Detective SAM: Adaptive AI-Image Forgery Localization¶

Conference: ICLR 2026
OpenReview: https://openreview.net/forum?id=GKJHPHNFIx
Code: Open-source (GitHub, includes pretrained weights + AutoEditForge + evaluation scripts)
Area: Image Forgery Localization / AIGC Tampering Detection / Segmentation
Keywords: Image Forgery Localization, SAM2, Diffusion Edit, Adapter, Continual Fine-tuning, Data Generation

TL;DR¶

A set of lightweight adapters is attached to SAM2 to automatically convert "post-perturbation feature distribution shift" forensics cues into heatmap prompts for segmenting tampered areas in diffusion edits.

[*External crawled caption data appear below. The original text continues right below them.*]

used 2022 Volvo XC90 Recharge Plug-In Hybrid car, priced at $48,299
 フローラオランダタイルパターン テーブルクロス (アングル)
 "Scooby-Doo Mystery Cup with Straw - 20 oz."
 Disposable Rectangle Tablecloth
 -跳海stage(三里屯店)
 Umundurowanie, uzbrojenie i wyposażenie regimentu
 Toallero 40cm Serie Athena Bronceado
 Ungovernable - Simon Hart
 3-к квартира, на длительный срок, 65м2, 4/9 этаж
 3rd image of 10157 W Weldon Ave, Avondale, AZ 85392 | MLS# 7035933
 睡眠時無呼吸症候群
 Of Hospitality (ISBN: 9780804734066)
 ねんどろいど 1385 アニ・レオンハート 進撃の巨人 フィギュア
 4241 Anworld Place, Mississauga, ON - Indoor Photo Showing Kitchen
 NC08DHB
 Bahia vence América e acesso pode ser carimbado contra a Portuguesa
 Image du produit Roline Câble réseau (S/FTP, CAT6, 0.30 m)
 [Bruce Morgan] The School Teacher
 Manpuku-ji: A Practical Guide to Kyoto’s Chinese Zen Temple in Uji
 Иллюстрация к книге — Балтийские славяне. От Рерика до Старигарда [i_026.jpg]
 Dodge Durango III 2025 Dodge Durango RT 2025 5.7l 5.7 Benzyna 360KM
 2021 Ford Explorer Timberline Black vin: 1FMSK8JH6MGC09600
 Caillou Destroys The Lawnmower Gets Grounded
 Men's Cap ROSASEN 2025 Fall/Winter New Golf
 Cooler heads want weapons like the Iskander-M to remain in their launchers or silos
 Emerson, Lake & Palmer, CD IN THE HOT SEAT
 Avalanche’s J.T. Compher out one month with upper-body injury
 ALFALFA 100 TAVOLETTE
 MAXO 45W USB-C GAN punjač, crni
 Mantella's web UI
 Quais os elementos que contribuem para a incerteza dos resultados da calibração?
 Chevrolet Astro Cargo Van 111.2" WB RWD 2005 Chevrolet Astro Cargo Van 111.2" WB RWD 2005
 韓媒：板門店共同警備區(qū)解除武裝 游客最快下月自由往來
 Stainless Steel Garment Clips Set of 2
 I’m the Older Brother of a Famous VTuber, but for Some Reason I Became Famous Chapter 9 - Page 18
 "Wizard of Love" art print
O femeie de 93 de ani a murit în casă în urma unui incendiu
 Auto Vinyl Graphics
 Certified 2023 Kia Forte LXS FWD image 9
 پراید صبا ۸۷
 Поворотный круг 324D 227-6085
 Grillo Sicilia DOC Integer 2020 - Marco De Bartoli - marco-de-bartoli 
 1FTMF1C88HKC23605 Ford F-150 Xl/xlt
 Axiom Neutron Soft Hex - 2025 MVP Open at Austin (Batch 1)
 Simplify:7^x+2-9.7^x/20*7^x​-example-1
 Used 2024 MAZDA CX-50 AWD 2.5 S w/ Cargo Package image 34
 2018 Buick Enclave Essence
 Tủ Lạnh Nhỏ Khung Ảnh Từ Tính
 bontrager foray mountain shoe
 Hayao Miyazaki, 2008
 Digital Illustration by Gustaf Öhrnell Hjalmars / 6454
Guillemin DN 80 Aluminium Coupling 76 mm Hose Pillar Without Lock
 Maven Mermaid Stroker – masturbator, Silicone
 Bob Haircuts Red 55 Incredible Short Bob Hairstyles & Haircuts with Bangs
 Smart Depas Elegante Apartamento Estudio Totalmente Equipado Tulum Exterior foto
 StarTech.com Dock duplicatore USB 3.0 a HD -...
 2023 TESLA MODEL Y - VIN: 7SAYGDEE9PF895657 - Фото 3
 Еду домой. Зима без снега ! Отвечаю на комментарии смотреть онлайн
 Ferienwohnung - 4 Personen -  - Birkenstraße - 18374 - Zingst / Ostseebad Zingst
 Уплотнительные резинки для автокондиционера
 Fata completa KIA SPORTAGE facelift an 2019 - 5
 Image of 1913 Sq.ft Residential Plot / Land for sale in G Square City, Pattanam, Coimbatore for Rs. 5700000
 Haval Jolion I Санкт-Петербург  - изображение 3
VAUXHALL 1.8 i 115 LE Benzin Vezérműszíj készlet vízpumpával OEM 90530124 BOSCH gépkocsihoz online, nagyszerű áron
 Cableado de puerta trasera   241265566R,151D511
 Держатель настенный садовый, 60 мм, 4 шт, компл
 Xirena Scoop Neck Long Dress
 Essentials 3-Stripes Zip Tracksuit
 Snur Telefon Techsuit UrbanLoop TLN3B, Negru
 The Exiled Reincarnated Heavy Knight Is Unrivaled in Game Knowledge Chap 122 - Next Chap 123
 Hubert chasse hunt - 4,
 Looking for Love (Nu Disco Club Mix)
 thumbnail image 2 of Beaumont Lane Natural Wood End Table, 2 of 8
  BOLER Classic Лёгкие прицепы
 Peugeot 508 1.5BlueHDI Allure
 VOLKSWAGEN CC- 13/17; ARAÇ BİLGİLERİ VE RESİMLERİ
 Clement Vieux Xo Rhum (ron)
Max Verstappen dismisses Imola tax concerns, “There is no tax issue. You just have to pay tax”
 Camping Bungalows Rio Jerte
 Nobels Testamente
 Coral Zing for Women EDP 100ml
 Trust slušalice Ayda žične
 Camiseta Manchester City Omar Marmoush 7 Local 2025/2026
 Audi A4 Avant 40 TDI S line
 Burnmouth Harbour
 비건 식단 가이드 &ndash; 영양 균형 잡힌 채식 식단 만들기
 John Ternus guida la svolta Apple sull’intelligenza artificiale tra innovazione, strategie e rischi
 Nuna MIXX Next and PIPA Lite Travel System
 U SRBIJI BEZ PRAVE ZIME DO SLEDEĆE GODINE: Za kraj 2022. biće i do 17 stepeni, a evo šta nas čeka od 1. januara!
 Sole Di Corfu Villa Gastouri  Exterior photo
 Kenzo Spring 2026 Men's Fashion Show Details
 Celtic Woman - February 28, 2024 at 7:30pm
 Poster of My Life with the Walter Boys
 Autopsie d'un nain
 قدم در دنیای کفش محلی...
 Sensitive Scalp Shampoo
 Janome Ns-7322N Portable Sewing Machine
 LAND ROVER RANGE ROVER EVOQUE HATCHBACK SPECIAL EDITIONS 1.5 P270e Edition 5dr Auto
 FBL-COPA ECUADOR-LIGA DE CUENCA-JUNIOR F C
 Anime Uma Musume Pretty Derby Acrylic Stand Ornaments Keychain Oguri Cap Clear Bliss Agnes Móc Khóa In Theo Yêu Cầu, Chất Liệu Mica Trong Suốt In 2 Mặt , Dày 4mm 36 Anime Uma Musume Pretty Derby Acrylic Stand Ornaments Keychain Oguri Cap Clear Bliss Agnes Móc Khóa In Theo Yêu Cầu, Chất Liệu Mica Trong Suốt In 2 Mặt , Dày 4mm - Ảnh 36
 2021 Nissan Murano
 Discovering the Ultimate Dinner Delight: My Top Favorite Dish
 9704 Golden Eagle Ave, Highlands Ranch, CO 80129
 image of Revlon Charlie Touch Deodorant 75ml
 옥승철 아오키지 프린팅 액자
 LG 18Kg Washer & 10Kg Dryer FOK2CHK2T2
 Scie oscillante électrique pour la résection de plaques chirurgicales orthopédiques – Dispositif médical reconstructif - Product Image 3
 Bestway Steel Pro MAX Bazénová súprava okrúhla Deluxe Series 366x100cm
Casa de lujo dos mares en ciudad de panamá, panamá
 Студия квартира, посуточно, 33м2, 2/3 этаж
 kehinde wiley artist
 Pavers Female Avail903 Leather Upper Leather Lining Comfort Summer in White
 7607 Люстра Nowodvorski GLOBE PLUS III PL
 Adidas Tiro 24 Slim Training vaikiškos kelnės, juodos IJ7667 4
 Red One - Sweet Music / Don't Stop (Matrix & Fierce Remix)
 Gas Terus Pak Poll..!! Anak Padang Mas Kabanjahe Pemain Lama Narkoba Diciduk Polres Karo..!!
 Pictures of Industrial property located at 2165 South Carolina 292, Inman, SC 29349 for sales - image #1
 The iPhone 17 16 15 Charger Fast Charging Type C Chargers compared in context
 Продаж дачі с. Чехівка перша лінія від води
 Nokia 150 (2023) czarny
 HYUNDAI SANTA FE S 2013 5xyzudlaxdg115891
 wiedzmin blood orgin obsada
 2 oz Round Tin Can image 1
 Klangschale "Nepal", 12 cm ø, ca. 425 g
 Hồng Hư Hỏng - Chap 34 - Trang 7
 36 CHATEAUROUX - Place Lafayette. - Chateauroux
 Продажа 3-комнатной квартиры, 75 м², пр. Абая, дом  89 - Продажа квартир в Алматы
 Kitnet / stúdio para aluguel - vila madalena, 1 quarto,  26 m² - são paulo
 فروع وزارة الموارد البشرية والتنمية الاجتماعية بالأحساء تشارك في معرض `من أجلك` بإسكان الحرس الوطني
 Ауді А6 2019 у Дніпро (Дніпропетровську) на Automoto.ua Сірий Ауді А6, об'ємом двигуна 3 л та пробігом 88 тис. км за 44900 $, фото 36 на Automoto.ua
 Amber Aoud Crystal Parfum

Combined with an AutoEditForge pipeline for automatic data generation, the locator can continually adapt to evolving image editing models.

Background & Motivation¶

Background: Image Forgery Localization (IFL) aims not just to judge the authenticity of an image, but to identify "where it was modified" at a pixel level. Traditional methods rely on forensic traces like camera patterns or JPEG compression to catch splicing and copy-move operations, performing well on legacy Photoshop manipulations.

Limitations of Prior Work: Local editing in the diffusion era (replacing, removing, or adding objects) is "repainted" through a generative process. These edits are semantically coherent and realistic, lacking traditional traces left by cameras or compression, which causes legacy methods to fail. Localization accuracy drops significantly on new diffusion datasets; more critically, generative models update every few months (e.g., DALL-E → FLUX → QWEN → NanoBanana), making them a moving target.

Key Challenge: The authors identify three persistent issues in existing IFL systems: ① Existing methods struggle to characterize forensic cues of modern edits, wasting priors within foundation models; ② Architectures lack an efficient adaptation mechanism to absorb new editing data without catastrophic forgetting; ③ Systems collapse on newly released strong editors, necessitating a continuous refresh of training and evaluation data.

Goal: To build a practical IFL framework that utilizes diffusion-specific forensic cues, enables lightweight continual fine-tuning, and provides an automated data supply.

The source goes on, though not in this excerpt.